I also, in a fun and carefree moment last spring cut all of my hair off... All of it off. And then the next month I went even shorter.....Holy Toledos, growing it out is awful.
So back to the zeal, I often get so worked up. There is so much to get worked up about. Our country's imminent demise...or rather potential and probable and profitable and....Ok, this is not a political blog! I am extremely proud to be an American, what this nation was founded for and had the potential for is awesome. What we are today is so very far from that. Anyhow, my political leanings are easily backed with great zeal. As this trial with my ex-husband/former abuser looms I am FULL of zeal concerning the safety of my children and the life I want for them. FULL OF ZEAL. If I thought it would help to march from Texas to Washington DC I would start tonight. (Hmmmm that is a great idea....stay close, you might see me carrying a sign marching across America!) Forced interaction with a violent person just because they are related by blood is the most absurd idiotic and harmful idea anyone ever had. No one can tell me that they would like to be alone with a person they see almost murder someone else and be told its ok because someone will watch through the window at a visitation center. Yeah, that brings about great peace of mind. No one would force an adult to do this and yet everyday children all over the country are subjected to this violation of rights. AHHHHHHHHHHHHH!!!!! My war cries are continual these days. Ha, yep I do have zeal.

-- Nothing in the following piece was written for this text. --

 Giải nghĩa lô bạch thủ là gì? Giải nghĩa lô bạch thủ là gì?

Ok, lets jump back to my hair for a moment. You know when you have a bad hair day and you scowl at yourself. Well I also have been doing a fair amount of that. I look like a chicken on a good day and my bad hair days....well they require starting over. The other day though I simply did not have time to start over. Half mohawk, half chicken hair and a whole lot of scowling I had to run for the door with the kids. And then I realized all the zeal I had felt was replaced by this scowling disgruntled chicken head. It had vanished in my scowling at my hair. So I stopped real quick and said, "Embrace it" and I did- even threw on my favorite sweater and Hollywood sunglasses. I might have looked a bit crazy that day but I knew what I was about. I know what I'm headed towards (holy that might be a long walk or fight or whatnot). But my hair is simply not going to get in the way of what I need to do.

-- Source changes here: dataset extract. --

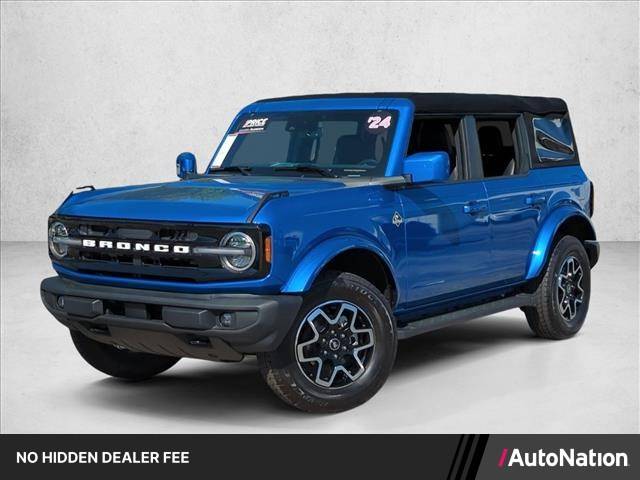 2024 Ford Bronco Outer Banks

He hurt me, badly in front of my children. He threatened to kill them, in front of them. He hurt my children emotionally, spiritually, physically and verbally.
No big story today, no details. The basic facts suffice.

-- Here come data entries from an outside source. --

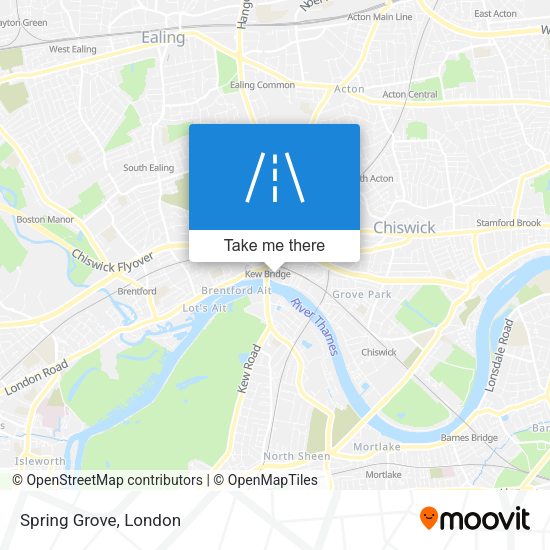 Spring Grove map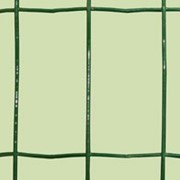 Cетка сварная Euro Fence с полимерным покрытием 100х50 мм для забора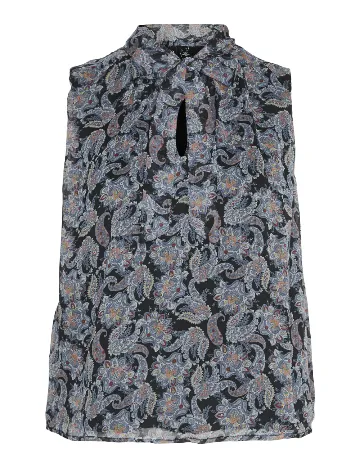 Bluza Vero Moda, albastru Albastru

It's time folks for us to say no to the violation of children's rights. But no matter what you are about, what you need to stand up for- don't let your Brave get moved out of the way due to your hair. It can't be as bad as my chicken/mohawk hair. Embrace who you are. Wear who you are and be Brave! Be BRAVE!!!!
If you are being hurt please please get help. It will not get better. Do not stay hoping for your fairytale to start. Get help, be smart. If you can plan your escape- do that, but if you can't- just get out. Take pictures. Go to the police. No matter how scary get help. You can live!